On October 18, 2016, the Company issued a press release announcing the execution of the Purchase and Sale Agreement related to the Williston Basin Acquisition, select operational and preliminary financial results from the third quarter of 2016, and the completion of the regular semi-annual redetermination of the borrowing base by the lenders under the Company’s revolving credit agreement. The press release is furnished herewith as Exhibit 99.1.

The information furnished pursuant to this Item 7.01, including Exhibit 99.1, shall not be deemed to be “filed” for the purposes of Section 18 of the Securities Exchange Act of 1934, as amended, and will not be incorporated by reference into any filing under the Securities Act of 1933, as amended, unless specifically identified therein as being incorporated therein by reference.

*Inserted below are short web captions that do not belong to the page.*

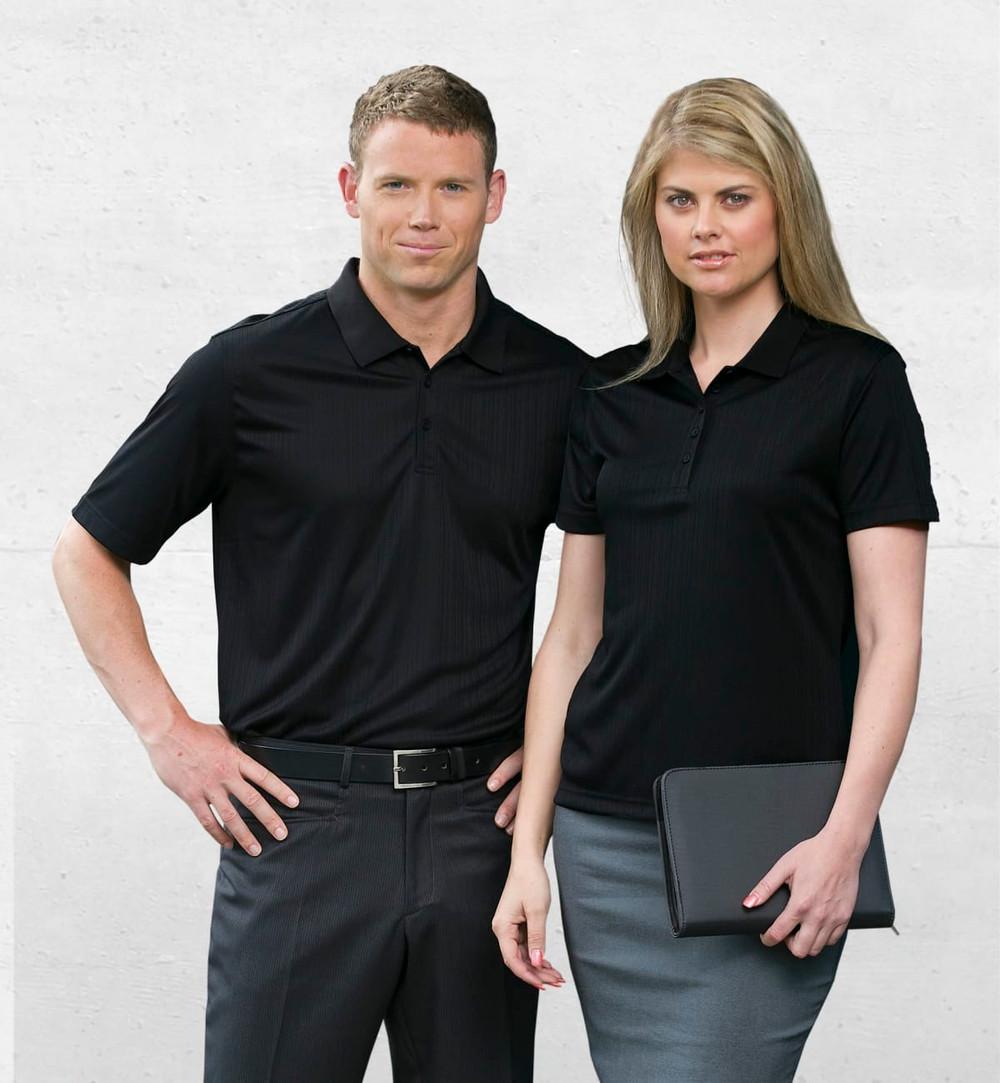 A black men's polo shirt worn by a man and a matching black polo worn by a woman, both with a subtle ribbed design.
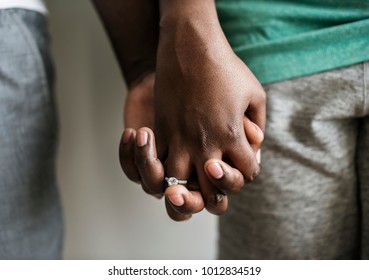Couple holding hands closeup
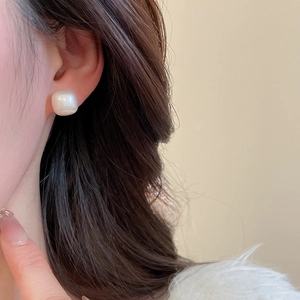 Close-up of elegant square pearl stud earring with soft satin luster worn by a model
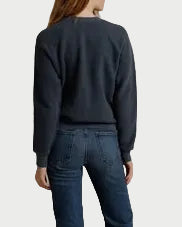 A woman stands with her back to the camera wearing a dark navy crewneck sweatshirt and blue flared jeans, standing against a draped beige fabric backdrop.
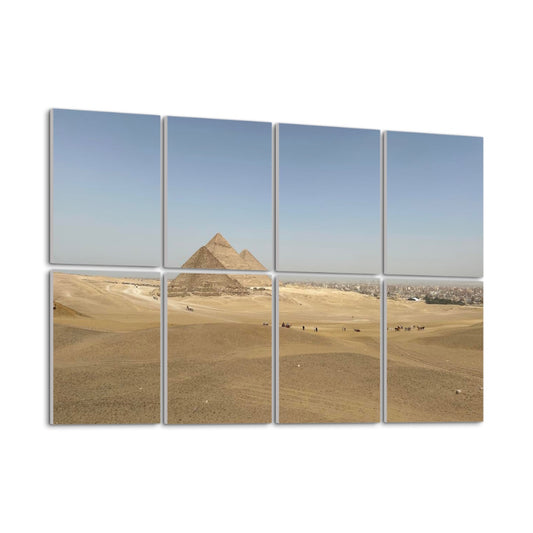 Left-angle view of Distant Pyramids wall art in full color showing desert textures, foreground figures, and the pyramids rising subtly on the horizon.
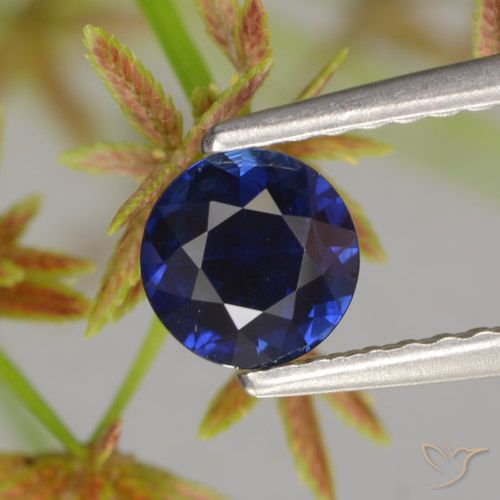0.66ct طبيعي أزرق غامق زفير, دائري, قليلا جدا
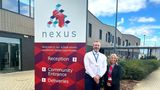 Beverley Fordham, KCC Cabinet Member for Education and Skills, standing with head teacher Scott Jarred next to a sign outside Nexus School 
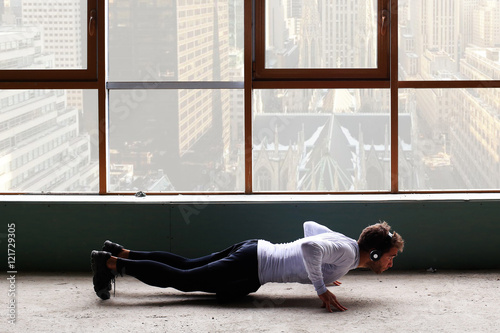 Poster Man with headphones training on the background of window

Item 9.01 Financial Statements and Exhibits.

(d) Exhibits.

 

Exhibit
No.
  

Description of Exhibit

  2.1*    Purchase and Sale Agreement, dated October 17, 2016, between the Company and SM Energy Company.
10.1    Seventh Amendment to Second Amended and Restated Credit Agreement dated as of October 14, 2016 among Oasis Petroleum Inc., as Parent, Oasis Petroleum North America LLC, as Borrower, the Other Credit Parties party thereto, Wells Fargo Bank, N.A., as Administrative Agent and the Lenders party thereto.
99.1    Press Release dated October 18, 2016.

 

* Schedules have been omitted pursuant to Item 601(b)(2) of Regulation S-K. The Company undertakes to furnish supplemental copies of any of the omitted schedules upon request by the U.S. Securities and Exchange Commission.


SIGNATURE

Pursuant to the requirements of the Securities Exchange Act of 1934, the Registrant has duly caused this report to be signed on its behalf by the undersigned thereunto duly authorized.

 

   

OASIS PETROLEUM INC.

(Registrant)

Date: October 18, 2016     By:  

/s/ Nickolas J. Lorentzatos

      Nickolas J. Lorentzatos
      Executive Vice President, General Counsel and Corporate Secretary


EXHIBIT INDEX

 

Exhibit
No.
  

Description of Exhibit

  2.1*    Purchase and Sale Agreement, dated October 17, 2016, between the Company and SM Energy Company.
10.1    Seventh Amendment to Second Amended and Restated Credit Agreement dated as of October 14, 2016 among Oasis Petroleum Inc., as Parent, Oasis Petroleum North America LLC, as Borrower, the Other Credit Parties party thereto, Wells Fargo Bank, N.A., as Administrative Agent and the Lenders party thereto.
99.1    Press Release dated October 18, 2016.

 

* Schedules have been omitted pursuant to Item 601(b)(2) of Regulation S-K. The Company undertakes to furnish supplemental copies of any of the omitted schedules upon request by the U.S. Securities and Exchange Commission.